|2017-03-19 20:04:00 Spitfire buying / selling|
OK, you have finally made the decision to sell off one of your prized Triumphs. You consider using an online auction, but think the fees are too high, or don’t want the hassle. You decide to use any one of hundreds of online classified ad sites, like the one offered by the magazine. You take several photographs and post them to a web site for easy viewing. You fill out the online form to offer your car for sale at a fair price, and sit back and wait for offers.
You start getting email inquiries of the general nature for good-hearted folk interested in your car. Then you receive an offer or request for “bottom dollar” or “final price”. Ok, no problem, you listed the car for $7500 but will take $6500 for it. The offer comes back from an out-of-country broker or agent representing a client who is in the market for your type of car, and sounds excited that it has finally been found.
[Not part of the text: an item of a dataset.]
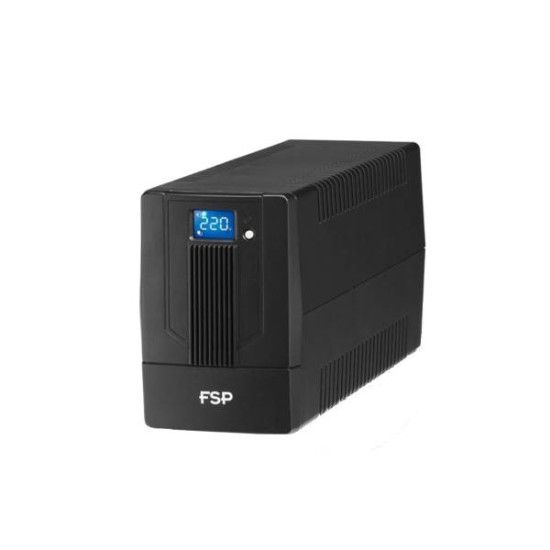 FORTRON UPS LINE_INTERACTIVE 1500VA SIMULATED_SINE_WAVE 2xSCHUKO 2xIEC-320 USB_PORT RJ-11 RJ-45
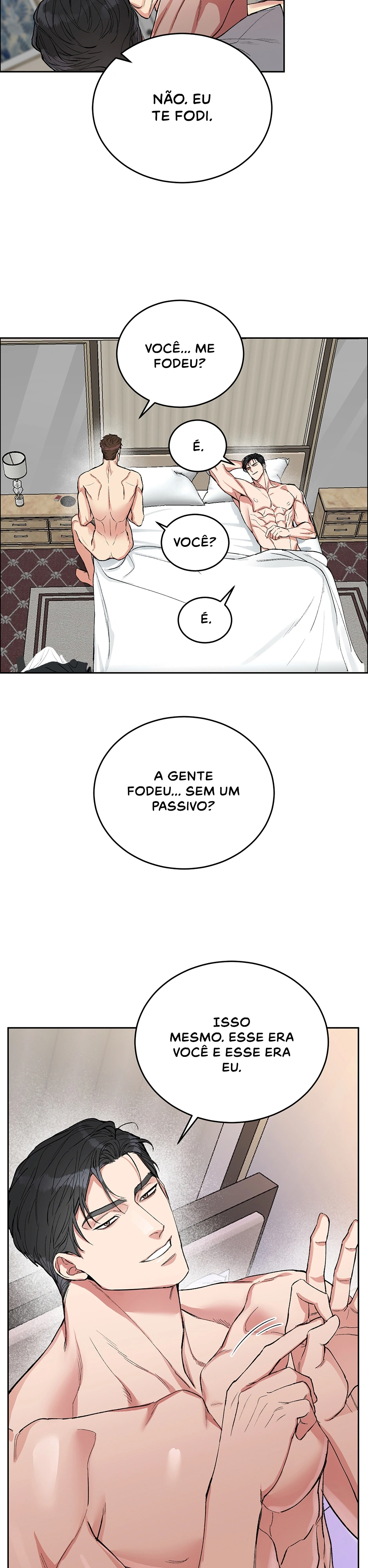 Cão e Pássaro Capítulo 1 Página 21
The broker informs you that the money will be sent by express courier service, such as FedEx or UPS, and when the cashier’s check is received, you will be informed how to proceed with document and car transfer. While waiting for the cashier’s check, or after the check arrives, the broker informs you that either the foreign buyer has a returned cashiers check for slightly more than agreed, or his secretary has sent a cashiers check for more than agreed, purely by accident, and a simple solution is offered. The broker suggests that you deposit the cashiers check into your bank account, and wire or send the overage to a shipping agent near the coast along with the title and Bill of Sale for the car. The shipping agent will arrange to pick up your car and ship it to the out-of-country broker, and the shipping fees will be covered by the overage you send. The buyer even suggests you wait till the cashiers check clears before wiring the money. Good deal right? WRONG!
You have just been taken by a new twist to an old game. COUNTERFEIT Cashier’s checks. The cashier’s check is an elaborate counterfeit and it takes the bank longer than usual to discover the fake. The seller thinks they have received a good check and send out the “extra” cash. A few days to a few weeks later the bank notifies the seller the cashier’s check is a counterfeit and removes the check amount from the seller’s account. The seller has lost the “extra” cash. The broker and/or foreign buyer were never interested in your car in the first place. They were only interested in scamming you out of several thousand dollars.
Can you protect yourself against this? YES, by being an informed seller. First, never accept a check for more than the agreed amount. If the deal sounds too good to be true, it probably is! Second, be prepared to seek assistance in the transaction. Most international transactions for goods involve a middle man, a neutral party to act as escrow and confirm that both the payment and the item being sold are legitimate. They charge a fee for their service, but the extra protection is well worth it.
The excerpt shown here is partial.